Зато времени на разговор было более чем достаточно. Пока «Мазда» телепалась со скоростью два километра в час по перегруженному центру, подруги успели всесторонне обсудить проблему, отчего проблема, будучи особой женского пола, окончательно разозлилась — вот обнаглели, нахалки, обсуждать даму в ее присутствии! — и приобрела совсем уж гнусные очертания.
— Нет, но это просто невозможно! — пристукнула кулачком по колену Осенева. — Борька? Веничек?! Нелька?!! Кто‑то из них — подвинувшийся псих?
— Да, поверить в это сложно, но это, увы, так, — Лана сосредоточенно следила за еле ползущим впереди «мерсиком», опасаясь въехать в его надменный зад. — Знаешь, я постоянно думаю о случившемся, пытаясь найти хоть какие‑то причины, заставившие этого типа убивать именно вас.
— И что, нашла?
— По‑моему, да. Но это реально только при одном условии — человек, если его вообще можно так назвать, должен быть законченным психом.
— А если он псих, ему вообще не нужны причины.
— Не‑е‑ет, все не так просто. В убийствах прослеживается некая закономерность. Я тут сопоставила все даты гибели и получила любопытный результат.
— Какой же? — Внушительная доля скепсиса в голосе Осеневой давала понять, что всерьез рассуждения подруги она не воспринимает.
— Все убийства происходили в период полнолуния.
— Чего‑о‑о? — Скепсис рухнул на пол машины вместе с челюстью Ленки.
— Того.
— Фигня, между смертью матери Квятковской и покушением на меня прошел как минимум один день. Или два? К тому же паук — фу, гадость какая! — мог укусить меня еще через день, так что с датами ты ошиблась.
— Нет в тебе все‑таки ничего ведьмачьего, Осенева, курица ты, а не ведьма, — тяжело вздохнула Лана.
— Это еще почему? Нет, я вовсе не претендую на звание ведьмы, но все равно обидно. И вообще, сама ты курица!

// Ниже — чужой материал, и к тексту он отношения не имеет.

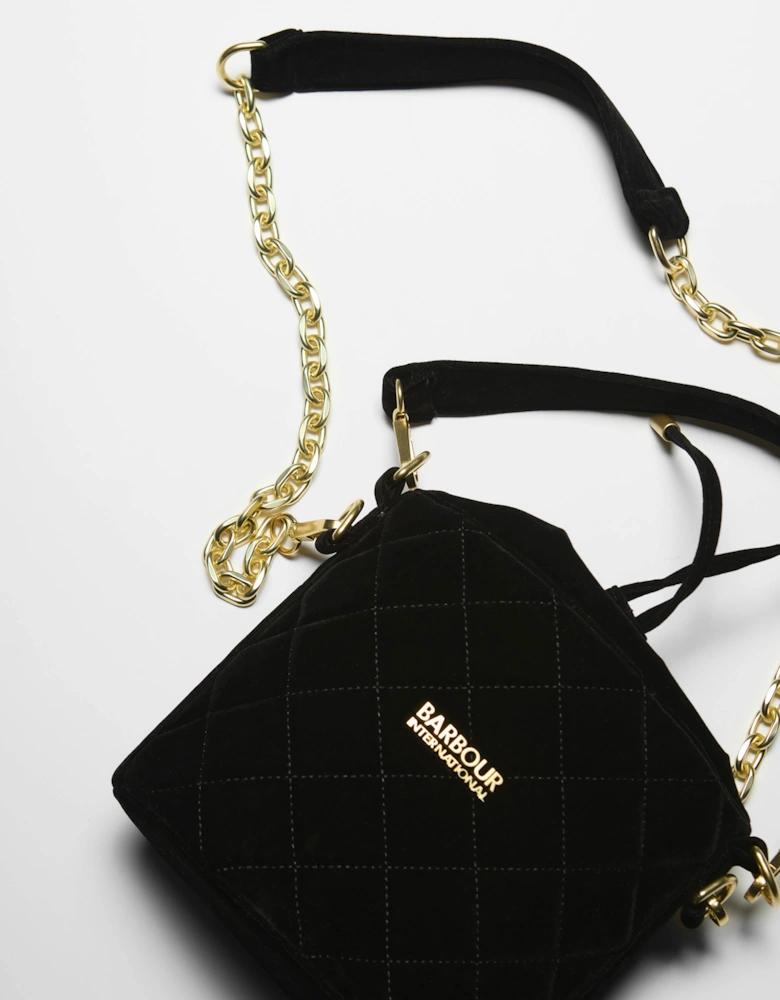 Quilted Balham Womens Mini Bucket Bag - Velvet Black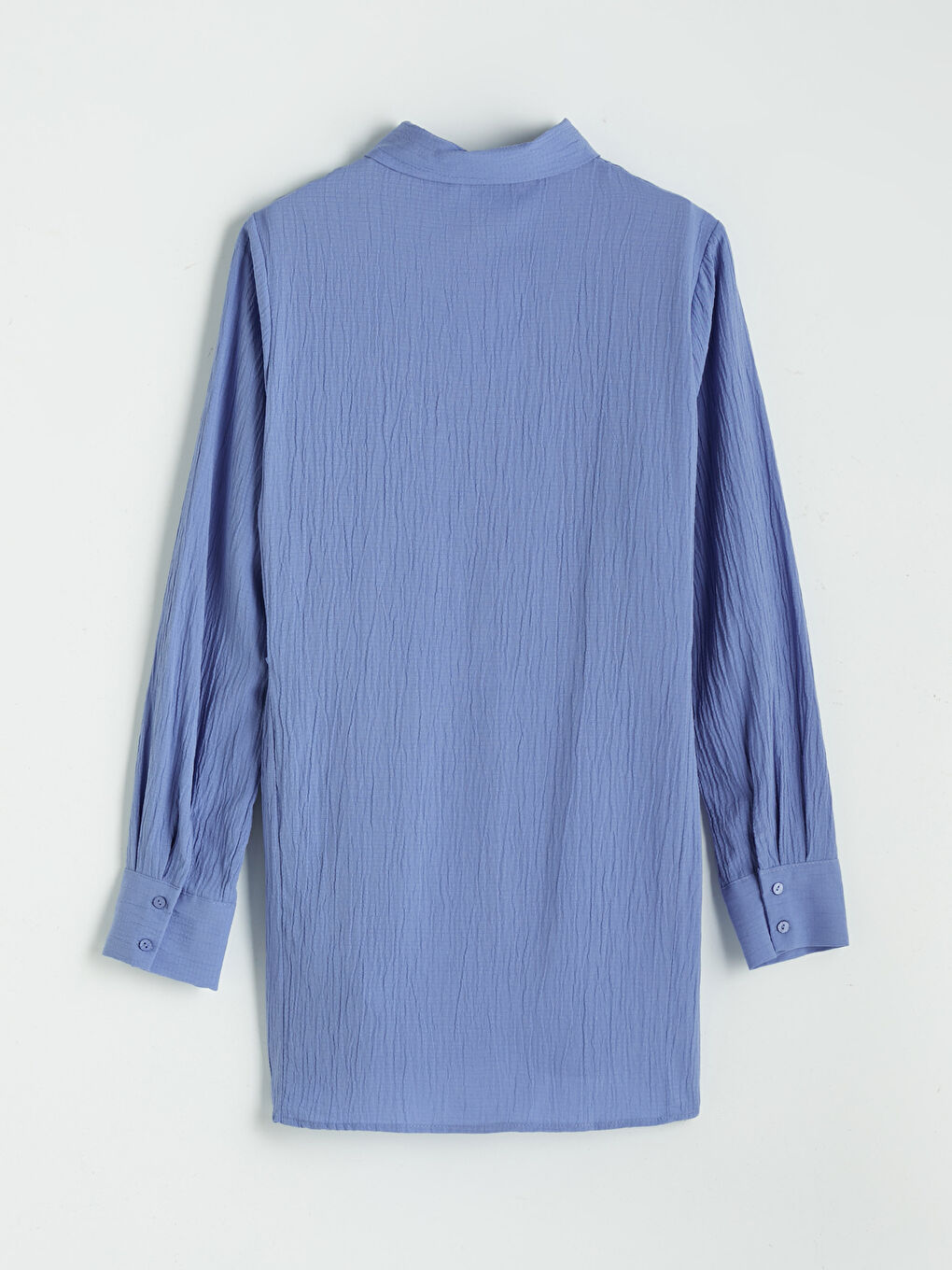 Mor Bağlamalı Gofre Kadın Gömlek Tunik-1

— Потому что ты ни фига не смыслишь в полнолунии. Оно, между прочим, длится три дня, так что у психа вполне хватало времени на коррекцию замыслов.
— Каких еще замыслов?
— Поясняю для пернатых. Психу нужны вы, именно вы, те, кто побывал у Сейдозера, кто таскался по шаманским местам, кто ел пищу оттуда, в том числе и грибы, с которыми у психа явно что‑то связано…

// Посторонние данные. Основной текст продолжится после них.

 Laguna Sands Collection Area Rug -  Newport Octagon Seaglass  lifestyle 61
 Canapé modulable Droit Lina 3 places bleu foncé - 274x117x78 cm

— Точно, там была засада с грибами и ягодами, вывезенными с острова Колдун, откуда, по местным поверьям, ничего вывозить нельзя. Но мы же выкинули всю добычу Антона и Динь!
— Ты уверена? Она же не была помечена белой флюоресцентной краской, верно? И где гарантия, что ваш псих не встал ночью и не припрятал нужное ему количество грибочков, которые и раскладывает теперь по квартирам будущих жертв, одной из которых была Дина. Но там не сложилось, умерла другая женщина, а психу, похоже, необходима смерть именно тех, кто ездил вместе с ним на Север.
— Но я по‑прежнему не понимаю, ЗАЧЕМ? Зачем ему это все надо?
— Я думаю, что он подвинулся на колдовстве и шаманстве. Этот человек должен иметь глубокие, скрытые от всех комплексы, комплексы неудачника, которого никто не воспринимает всерьез. В жизни он — никто, шансов на удачную карьеру ноль, с личной жизнью тоже, думаю, не очень складывается. Но и этого, разумеется, мало для того, чтобы ненавидеть людей так, как это почувствовал Кирилл, прикоснувшись к черным меткам. Убийца изначально, с рождения, обладал гнилой душой, тянущейся к мраку, а не к свету. А потом уже появились и комплексы. Чего он пытается достичь, принося жертвы, — не знаю, да это и не суть важно, но в том, что все происходящее было тщательно спланировано и мастерски воплощено в жизнь — в этом я не сомневаюсь. Вас собрали и привезли на Север, там подготовили ритуал и приступили к его осуществлению, начав с Тарского. И очень ловко подставив при этом несчастного местного дурачка. Думаю, и выбор первой жертвы был обусловлен именно ссорой Антона и того местного.
— Но тогда… — Лена растерянно посмотрела на подругу, ошарашенная услышанным. — Под твое описание подходит только один человек… Нет, не может быть! Венечка?!! Архивариус‑энтузиаст?!!